A novel gene insertion therapy to treat a rare liver disorder in newborns has received regulatory designations in the USA and the UK.

The therapy, ECUR-506, is currently in clinical development for the treatment of ornithine transcarbamylase (OTC) deficiency, a rare, X-linked genetic condition. OTC deficiency is a metabolic disorder characterised by a buildup of toxic ammonia in the blood, potentially leading to permanent brain damage if left untreated. The US Regenerative Medicine Advanced Therapy (RMAT) designation and the UK Innovative Licensing and Access Pathway (ILAP) provide structured regulatory support and access to faster approval routes, supporting the development of the therapy and the potential for earlier patient access.

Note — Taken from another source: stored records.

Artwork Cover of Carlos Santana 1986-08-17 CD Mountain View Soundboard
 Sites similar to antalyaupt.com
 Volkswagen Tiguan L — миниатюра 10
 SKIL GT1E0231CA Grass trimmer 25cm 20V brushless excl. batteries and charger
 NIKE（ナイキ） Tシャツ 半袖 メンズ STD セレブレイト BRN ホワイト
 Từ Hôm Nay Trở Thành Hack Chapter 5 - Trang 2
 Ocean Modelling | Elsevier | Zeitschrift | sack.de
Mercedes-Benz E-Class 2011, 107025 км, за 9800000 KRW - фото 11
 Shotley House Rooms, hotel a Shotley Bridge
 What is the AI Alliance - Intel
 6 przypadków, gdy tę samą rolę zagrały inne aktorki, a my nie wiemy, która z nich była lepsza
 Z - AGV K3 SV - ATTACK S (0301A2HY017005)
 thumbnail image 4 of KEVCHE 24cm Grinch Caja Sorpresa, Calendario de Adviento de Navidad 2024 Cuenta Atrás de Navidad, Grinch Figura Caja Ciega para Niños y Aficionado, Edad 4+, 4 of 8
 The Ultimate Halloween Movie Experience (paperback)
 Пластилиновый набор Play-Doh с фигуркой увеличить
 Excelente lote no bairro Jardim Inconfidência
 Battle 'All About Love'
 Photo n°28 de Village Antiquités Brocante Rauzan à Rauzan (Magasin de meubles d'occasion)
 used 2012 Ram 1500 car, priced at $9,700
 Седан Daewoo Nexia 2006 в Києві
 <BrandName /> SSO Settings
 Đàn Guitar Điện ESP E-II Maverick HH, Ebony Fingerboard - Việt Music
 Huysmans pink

'RMAT designation represents an important validation of ECUR-506 and the clinical data generated to date in neonatal onset OTC deficiency,' said Joseph Truitt, CEO of the Philadelphia-based biotechnology company iECURE, who developed the therapy. 'Together with the Innovation Passport granted under the UK's ILAP, these advancements reinforce our commitment to moving as efficiently as possible toward delivering a potentially durable therapeutic option for infants and families affected by this devastating disease.'

RMAT is a Food and Drug Administration designation that accelerates the development and review of regenerative therapies, including cell and gene therapies. ILAP is a UK-wide pathway that supports accelerated approval and early patient access to innovative medicines and technologies.

ECUR-506 is currently being investigated in the OTC-HOPE clinical trial, which is a first-in-human, phase 1/2, multi-centre trial. The trial is open for male infants under seven months of age who have a genetically confirmed neonatal onset OTC deficiency, with the aim of assessing the safety and efficacy of ECUR-506 as a viable treatment option. Targeting the underlying genetic cause has potential to offer more stable ammonia control and improve long-term patient outcomes.

ECUR-506 is designed as a one-time treatment to permanently insert a functional OTC gene. Preliminary findings of the therapy were reported last year, showing a complete clinical response in the first infant with neonatal OTC deficiency to receive the treatment (see BioNews 1272). Together, the RMAT and ILAP designations recognise ECUR-506 as a therapy under development for a condition with an unmet need, for which liver transplantation is currently the only cure.

'Our team is highly encouraged to see this baby, who after having experienced two spikes in blood ammonia levels before three and a half months of age, reach a point where he no longer needs ammonia scavengers and is eating age-appropriate levels of protein for a baby of his age,' said Dr Julien Baruteau, principal investigator in the study and consultant in metabolic medicine at Great Ormond Street Hospital for Children in London. 'This novel gene therapy approach might enable bypassing the need for liver transplantation'.

Dr Baruteau discussed the OTC-HOPE trial at a PET (Progress Educational Trust) event last year (see BioNews 1315 and 1319). Participant screening is underway in the UK, USA, Spain and Australia, with complete data expected during the first half of 2026.